# TASK OBJECTIVE
Nothing but the lines from the one with "Rihanna's debuts new" through the end of the listing should be reproduced, each exactly and with pictures omitted.

# SUPPLIED RECORDS

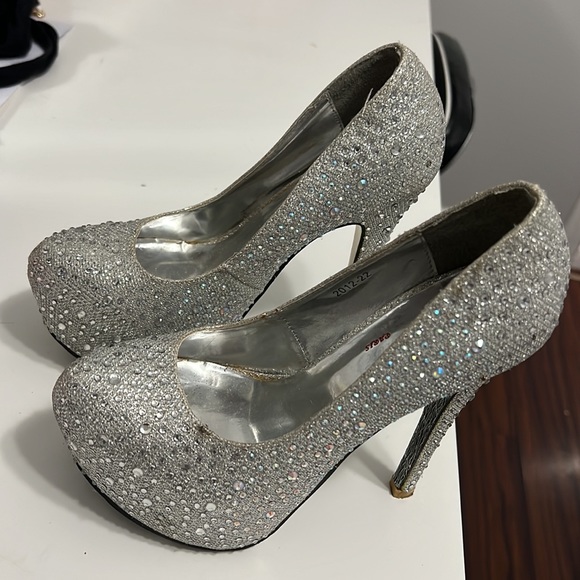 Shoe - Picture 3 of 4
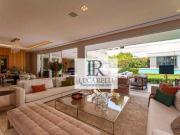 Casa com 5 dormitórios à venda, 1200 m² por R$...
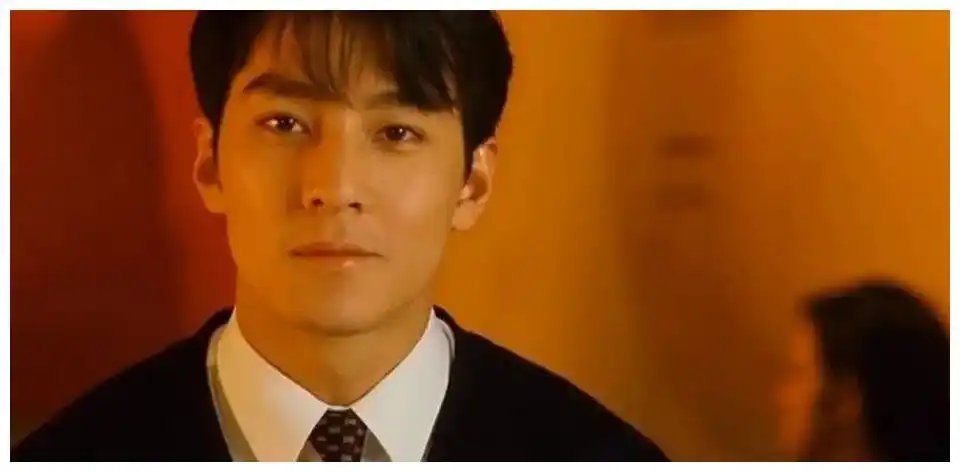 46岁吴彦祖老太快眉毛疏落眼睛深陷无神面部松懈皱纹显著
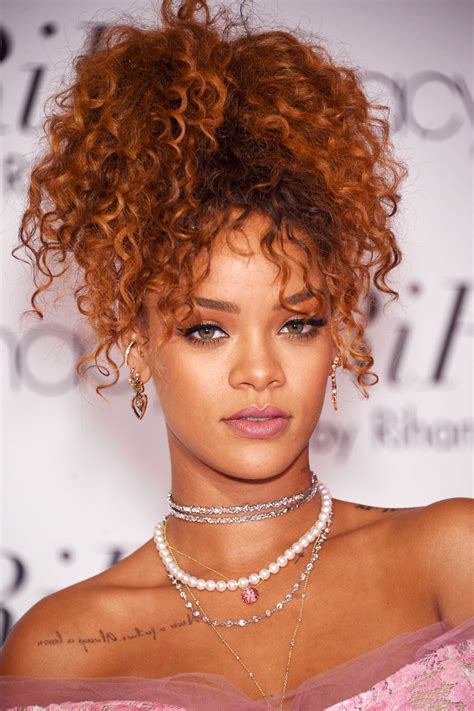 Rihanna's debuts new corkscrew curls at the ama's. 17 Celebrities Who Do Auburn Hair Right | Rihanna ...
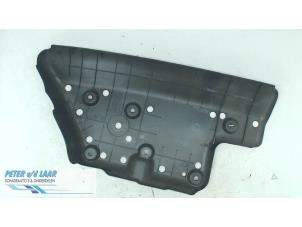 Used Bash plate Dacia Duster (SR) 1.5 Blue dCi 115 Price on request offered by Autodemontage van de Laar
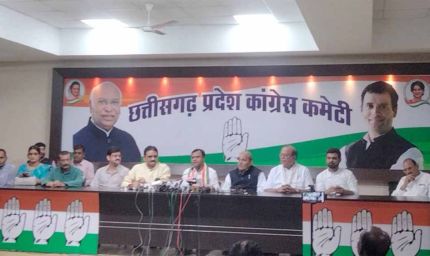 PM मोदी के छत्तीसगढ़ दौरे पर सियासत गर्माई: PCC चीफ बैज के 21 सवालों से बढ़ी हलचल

# YOUR RESPONSE
 Rihanna's debuts new corkscrew curls at the ama's. 17 Celebrities Who Do Auburn Hair Right | Rihanna ...
 Used Bash plate Dacia Duster (SR) 1.5 Blue dCi 115 Price on request offered by Autodemontage van de Laar
 PM मोदी के छत्तीसगढ़ दौरे पर सियासत गर्माई: PCC चीफ बैज के 21 सवालों से बढ़ी हलचल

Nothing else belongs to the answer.